Friday 9 February 2007

Mary Paterson - 'Pulse' by Francesca Steele

Francesca Steele is standing in a dark, gloomy room, with her back to me. As instructed, I walk over to the chair in front of her and sit down. We’re both facing the wall and this woman is behind me. Slowly, she reaches her arm over my right shoulder to show an elaborate, old fashioned hand mirror, and I can see her face. This must mean, I think, that she can see mine. She asks me to take the mirror. I do. She puts her fingers on my neck as if taking my pulse. I keep the mirror still.

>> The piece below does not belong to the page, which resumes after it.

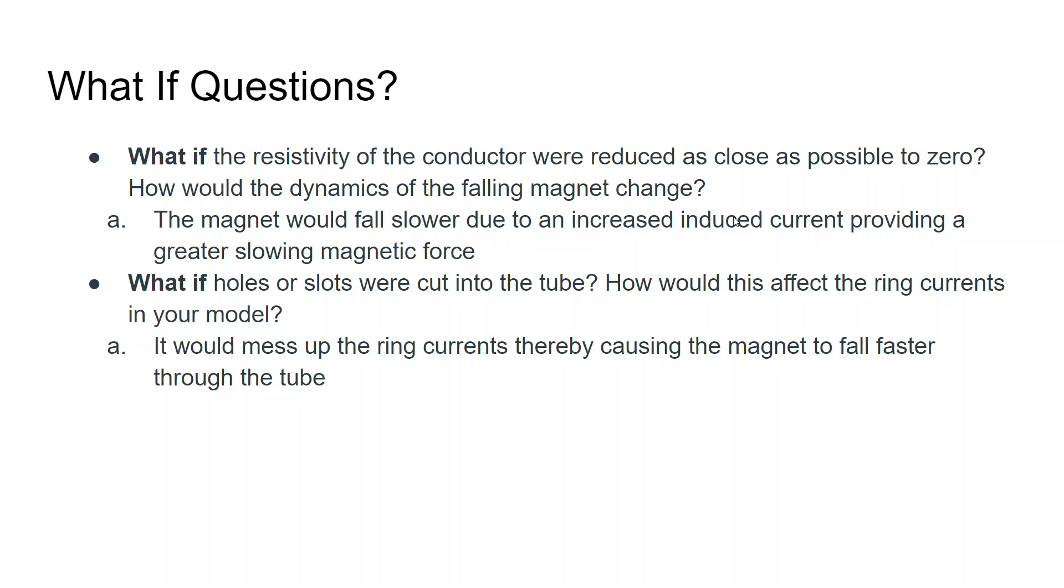The second what-if question is: what if holes or slots were cut into the tube? This would actually affect the ring currents by disrupting them, thereby causing the magnet to fall much faster through the tube, as there would be a much lower induced current.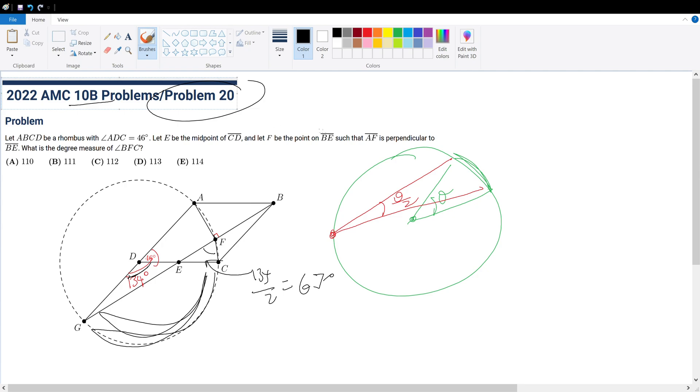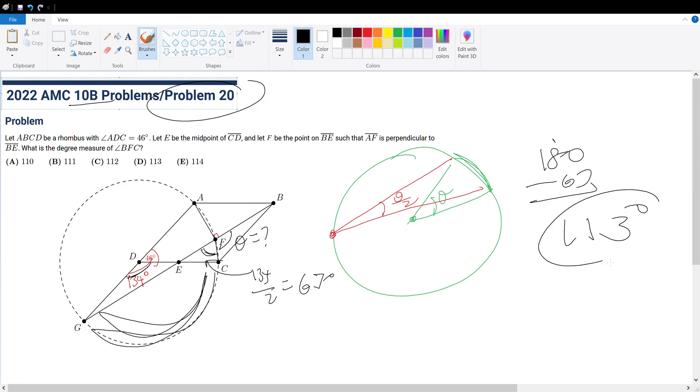And we could see that BFC, the angle we're trying to find, and this angle added up equals 180 degrees. So our answer would be 180 minus 67, which would be 113 or answer choice D.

It’s alarmingly intimate, and surprisingly peaceful. Seeing Francesca’s face for the first time – and I feel like I can call her Francesca – was a gentle introduction. Handing me the mirror felt like an act of trust. Now I have all the power, the power to look, and Francesca is naked. I can stare at the strange tattoo on her shoulder, I can watch the curve of her neck and her neat, dark hair. I can wonder if she’s smiling, or if that’s just how her mouth moves when she swallows. If I want, I could move the mirror around her body and explore it, six inches by six inches, in the oval that the mirror allows.

But I don’t. I hold the mirror very still, and look at Francesca’s eyes. Not in them, but at them. I am holding the mirror so that its top edge runs through Francesca’s pupils, and I’m looking at the shadows under her eyes in the hope that this will fool her into thinking I’m maintaining eye contact. In truth, I’m too scared to look at Francesca and I wish to God that she would stop looking at me.

When Francesca Steele gave me the mirror she wasn’t giving me any power at all. This is her room, her performance, and she has her fingers on my throat. When someone feels your pulse it feels like they have access to your heart. Now my heart is starting to panic – and she can feel it. Up until this moment I had been following instructions (‘Walk towards Francesca,’ the man outside had told me, ‘and sit on the chair’), but now, left to my own resources I realise I have none to draw on. The normal distancing strategies that separate one stranger from another have been removed – the comfort blanket of language, the anonymity of numbers, the intellectual and physical distance of standing in a crowd. I haven’t looked at anyone for this long that I’m not in love with.

The boundaries between us – my boundaries – have been broken, but who broke them? I decided to come here, but Francesca is in control. Sitting in the corner, holding this expensive mirror, I have been manipulated by Francesca so that all I can do is look at her. And by looking at her I’m enabling her to look at me. She is watching me, in other words, and there’s nothing I can do about it. Selfishly, perhaps, this is the most terrifying – and the most thrilling – part of the performance. Looking at Francesca’s reflection, I am of course looking at mine. In fact, I can see part of my head in the mirror: an eye, an eyebrow, a string of unruly hair. I can’t even look myself in the eye anymore. I break eye contact, with both of us, and it’s time to go.

Pulse is a gentle, intimate performance – performed by you the visitor as much as by Francesca Steele. Of course, each visitor’s experience will be profoundly different, and mine was informed by the discomfort I feel at meeting strangers. Stripping social interaction bare, Pulse forces the visitor to examine his or her own methods of communication, but its force is slow and gentle. Francesca’s physical vulnerability at the start of the performance is a generous gift – she relinquishes some power to the visitor. But nudity can also be intimidating, and it gives the act of looking an electric charge that is as inhibiting as it is intimate.

The most significant element of Pulse, however, is not its physical transgression, but its temporal one. Ten minutes is a long time to look at someone – anyone – and especially someone that you don’t know. Ten minutes is in fact a long time just to be with someone that you don’t know. It’s this temporal feature, taking time out of a busy schedule, concentrating on one thing for a prolonged period of time, that feels the most intrusive and also the most productive. It’s an intense, personal intimacy that breaks the cardinal rules of modern living: emotional distance and the ability to multi-task. Pulse breaks all the rules, in fact, that separate us from one another and let us believe in our autonomy. As beautiful as the experience was, it was a relief to leave.